Ma non è un commento negativo a quell’epoca, anzi, non si può che provare tenerezza amara, quella stessa che si prova quando si vede un nostro caro, un tempo forte ed energico, lentamente invecchiare. Una ricostruzione storica alla lettera inoltre non avrebbe funzionato per vestire quel gruppo di personaggi che prendono vita nella mente del violinista.

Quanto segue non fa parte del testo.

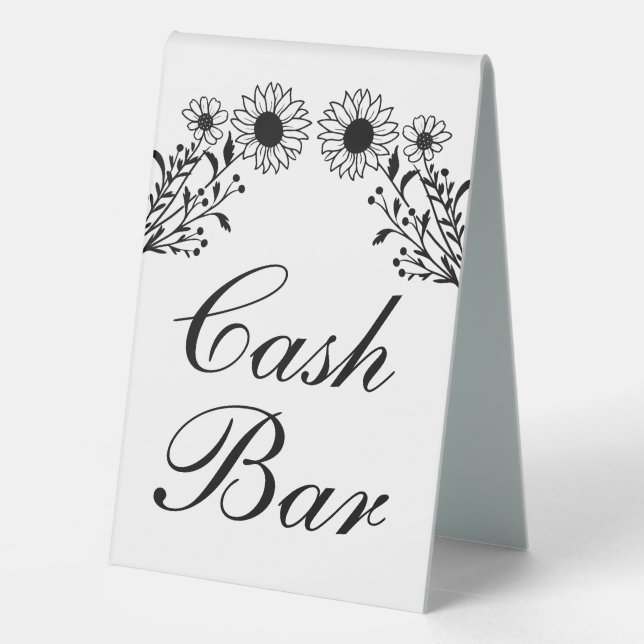 Sunflower Wedding Cash Bar Rustic Wildflowers (Back)
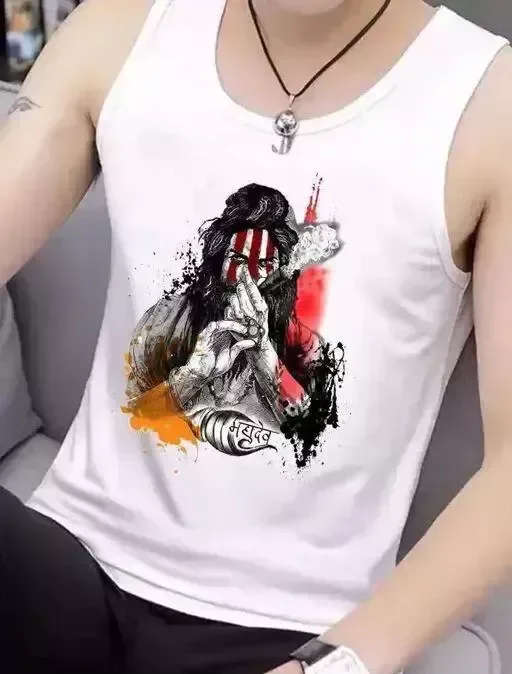 OJSR MENS WHITE PRINTED ROUND NECK SLEEVELESS VESTS Mo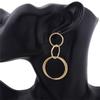 Three Circle Big Round Loop Simple Drop Earrings for Women Geometric Wedding Party Jewelry Christmas Girl Friend Gift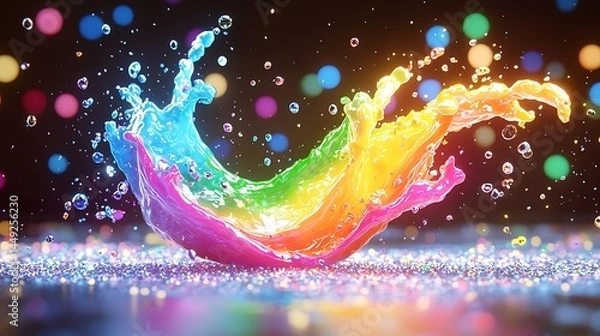 Fototapeta Vibrant Rainbow Liquid Splash with Glitter Texture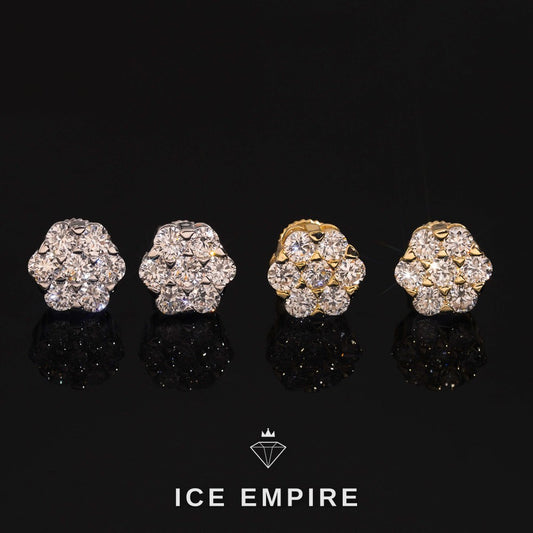 Iced Out Rose Gold Plated Lab Grown Diamond Earrings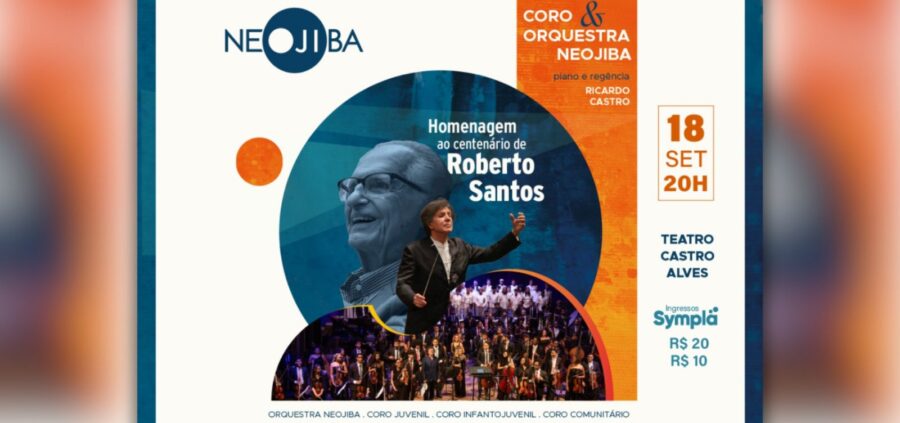 NEOJIBA realiza concerto no TCA em homenagem ao centenário de Roberto Santos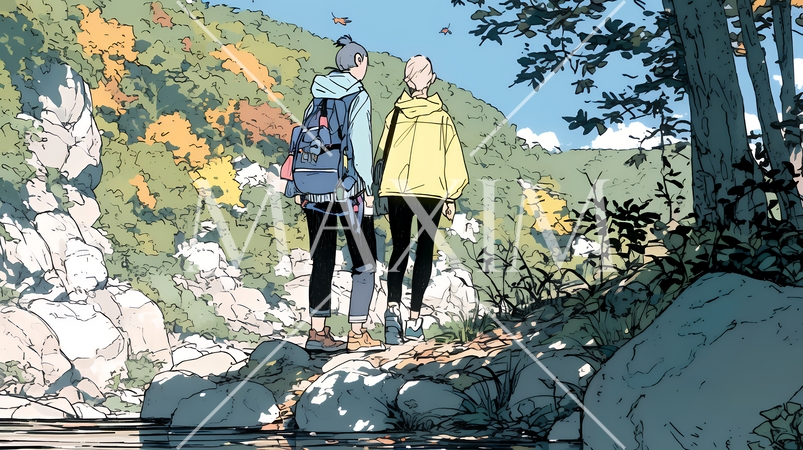 秋の野山をハイキングしている若い女性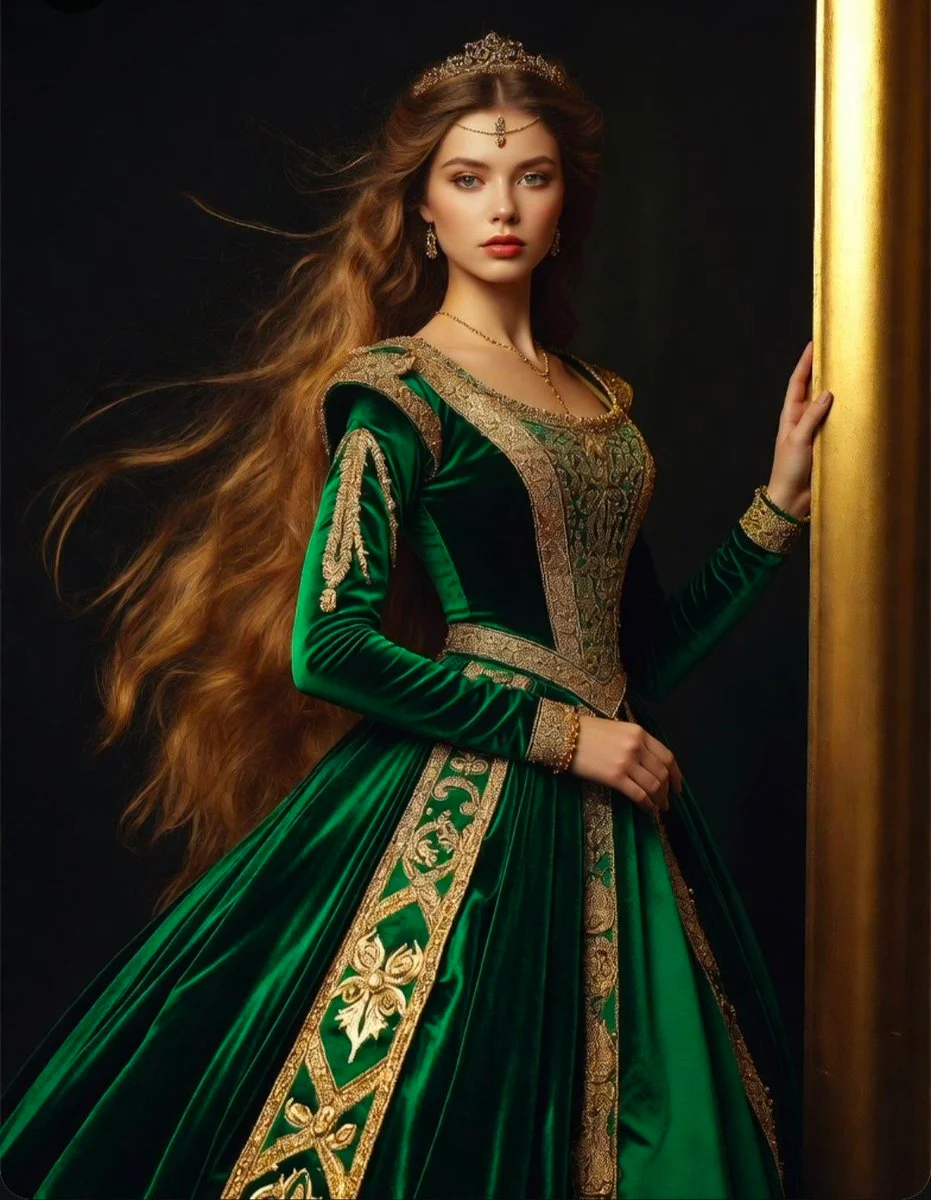 Renaissance-inspired portrait of a regal woman in emerald velvet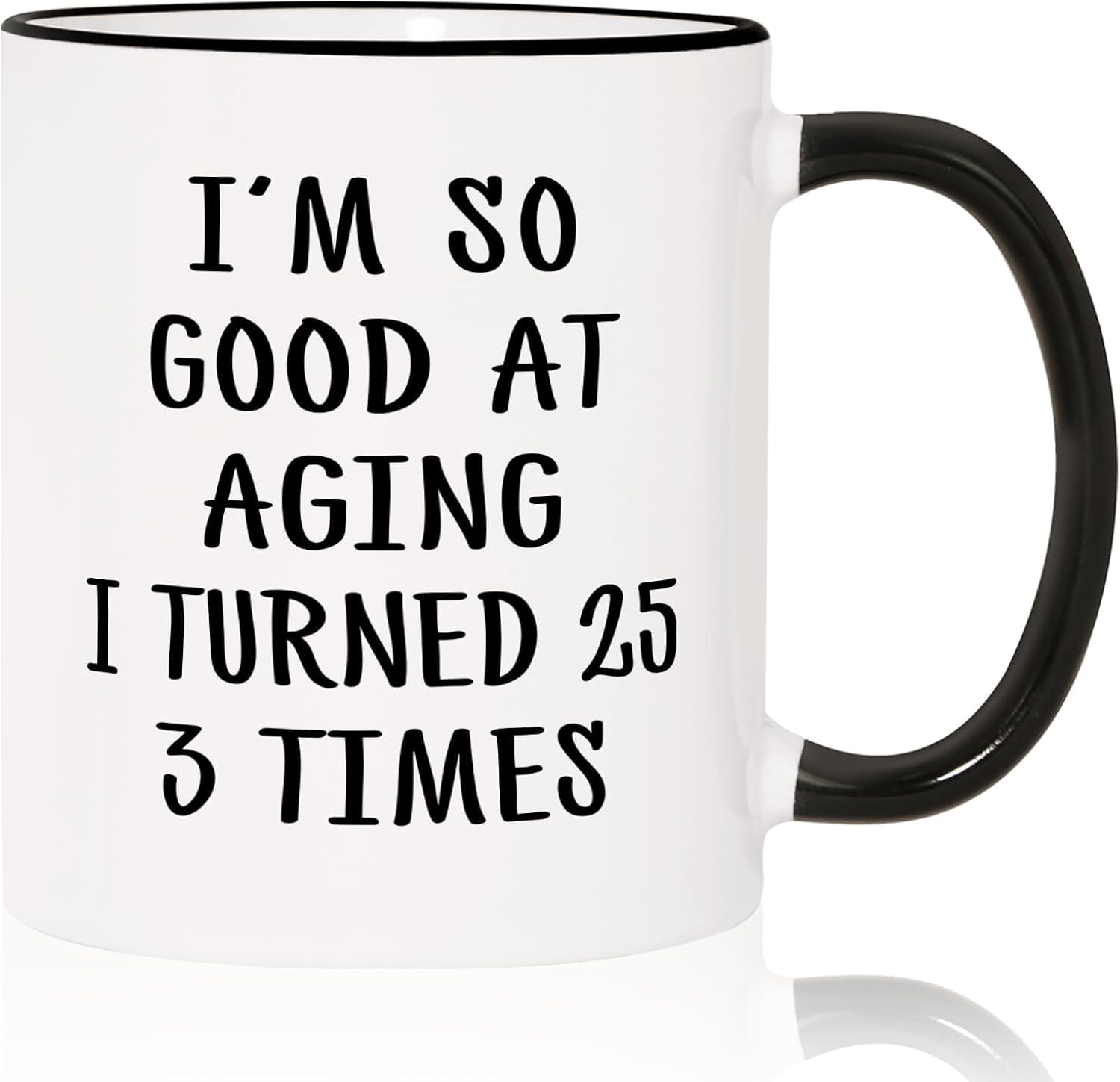 Aurahouse 75th Birthday Gifts for Women Men, Funny 75th Birthday Decoration Mug, 75 Year Old Birthday Gifts for Women Men Mom Dad Papa Aunt Grandma Grandpa, Turned 25 3 Times Coffee Cup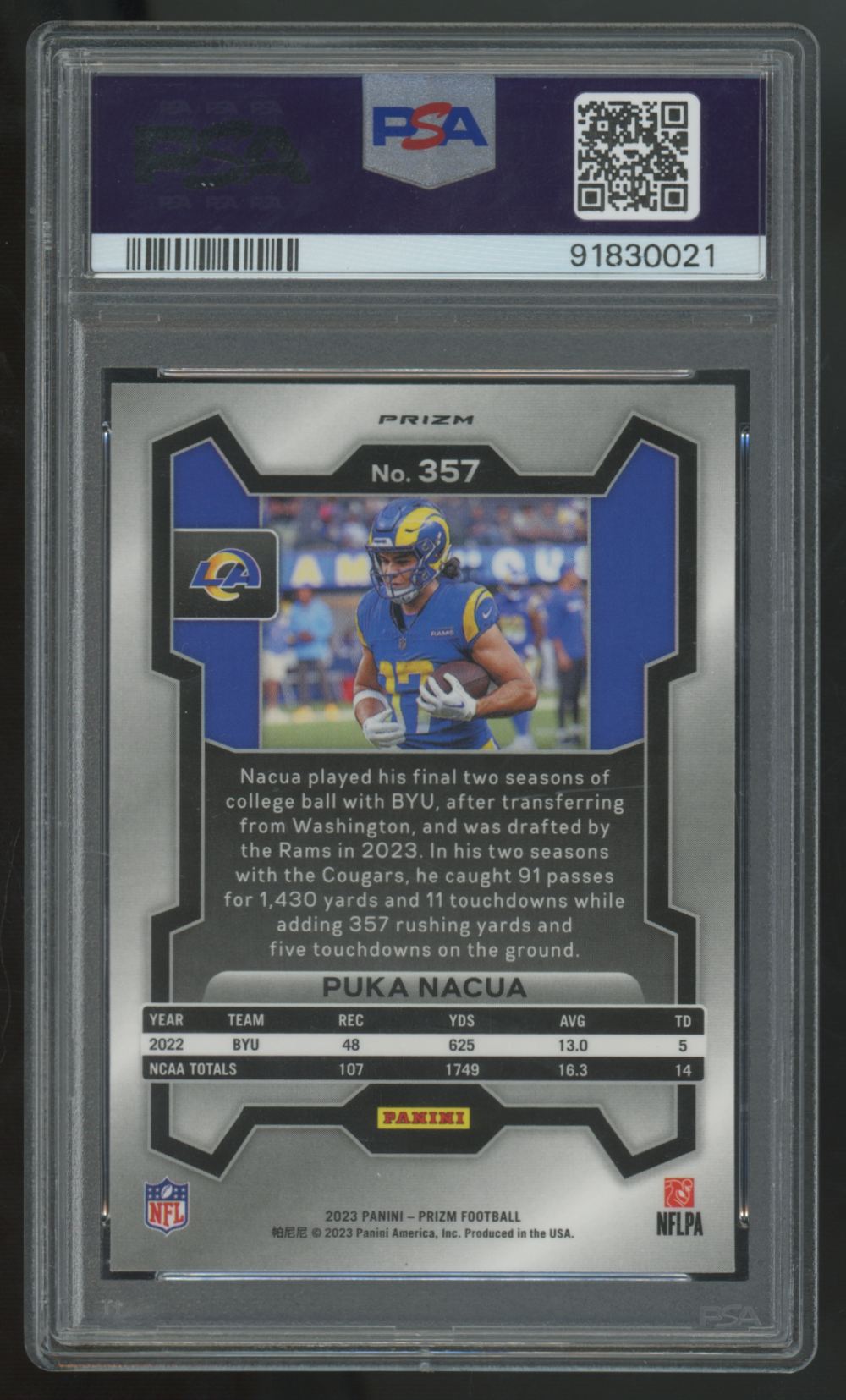 2023 Panini Prizm Puka Nacua RC Silver #357 PSA 9
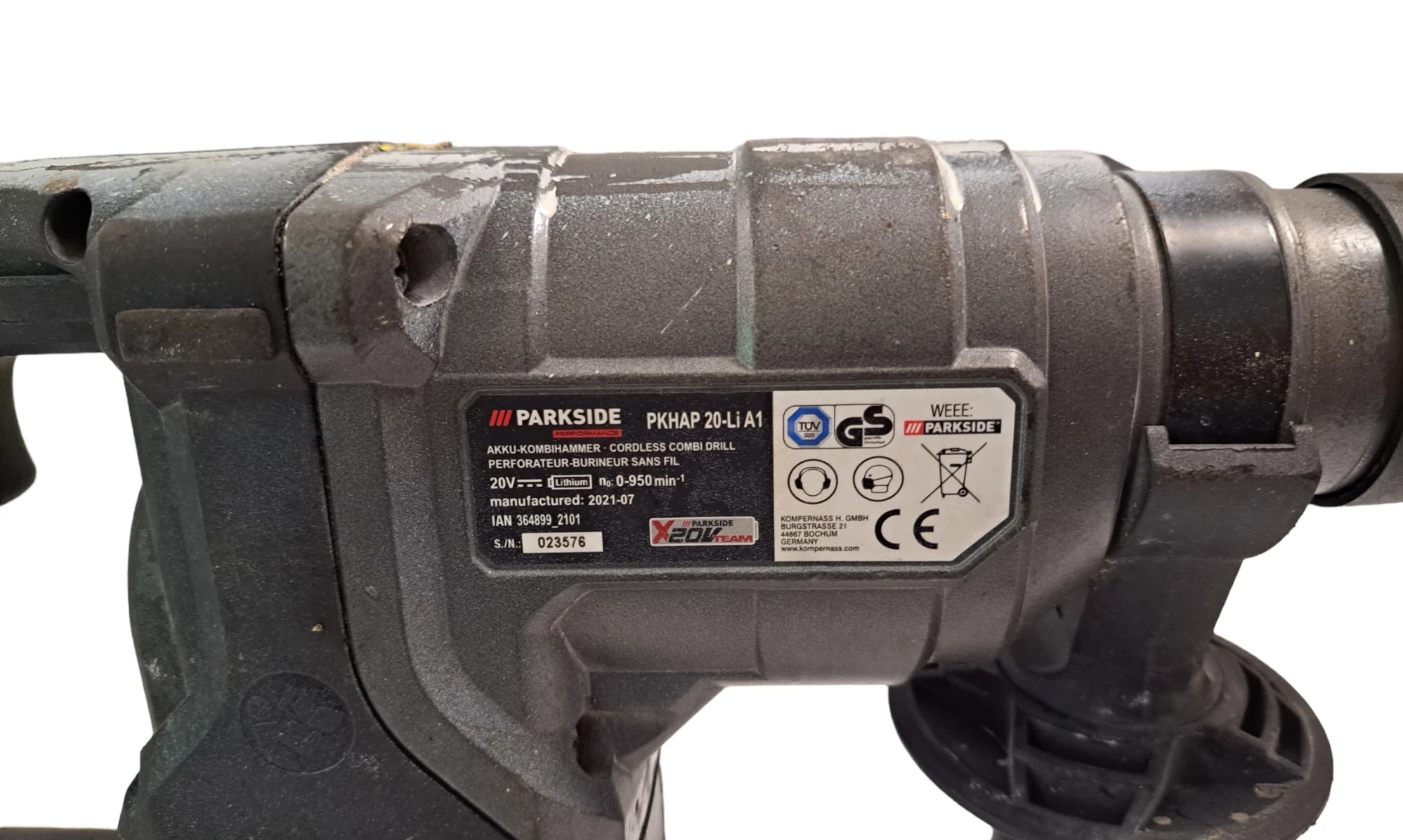 PKHAP 20-Li PARKSIDE PERFORMANCE® Perforateur-burineur sans fil, 20 V –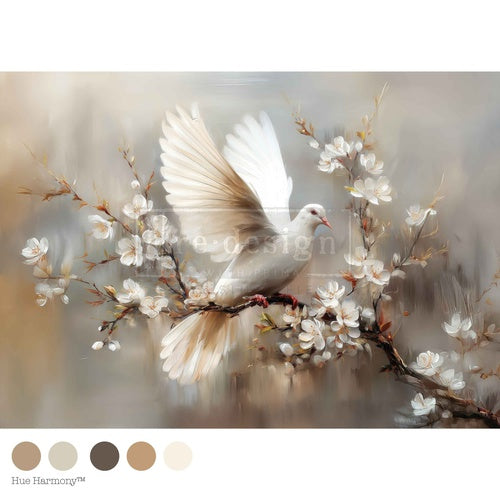 Papel decoupage Re-Design with Prima – diseño Alabaster Grace de Kacha, disponible en Anaqa Design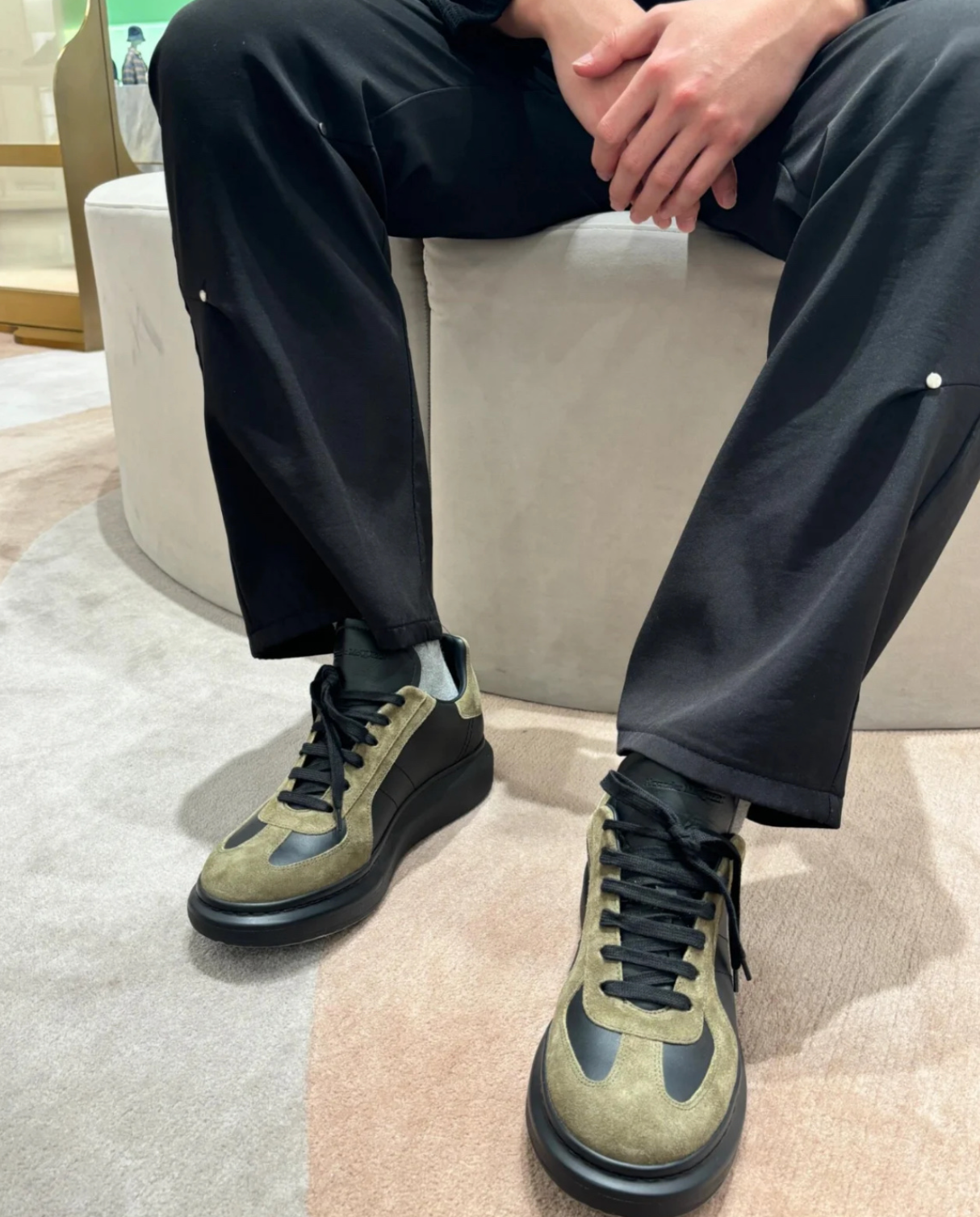 Oversized Retro Black/Khaki Low Top Sneakers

Il lavoro fatto da Poggioli su questi (i “maestri”) è interessante e ben riuscito; per comprenderlo appieno è necessario capire cosa questi personaggi rappresentino. I “maestri” incarnano una sapienza antica, insita nella cultura popolare. Sono detentori di quella sensibilità genuina, vicina alla natura, in grado di percepire l’essenza profonda delle cose. Tutto questo trova voce e riscontro in un gruppo di costumi dalla matrice volutamente teatrale (scelta interessante), tanto da sembrare attori di una piccola compagnia di provincia. La scelta dei materiali e decori guarda al mondo rurale della periferia austriaca del primo ‘800, lontano dalle mode di Vienna, ma non per questo meno raffinato.
I dettagli della poesia
In linea con l’eterogeneità di questo gruppo di personaggi non c’è un colore dominante, ma una grande varietà di toni e tinte sapientemente combinati per creare una perfetta armonia di insieme. Soprattutto in questo caso, le scelte dei costumi sono indispensabili per rendere sullo schermo quella poesia e leggerezza (mai superficialità!) che contraddistingue lo stile di Baricco.
La stessa delicatezza che si ritrova anche nella costruzione del gruppo dei senzatetto che vivono con il professor Kilroy (che non sono altro che la trasfigurazione dei personaggi sopracitati). Non è posta attenzione sulla solitudine di questi individui né sul loro stato di degrado ma sulla loro umanità. Come per il gruppo dei “maestri”, le diverse fogge e colori non contrastano tra loro, ma creano un senso di armonia e vicinanza tra i personaggi.
Lezione ventuno in ultima analisi parla della precarietà e caducità dell’uomo. È forse per questo che Poggioli, con i suoi costumi, ci racconta i personaggi con uno sguardo misto di malinconia e tenerezza.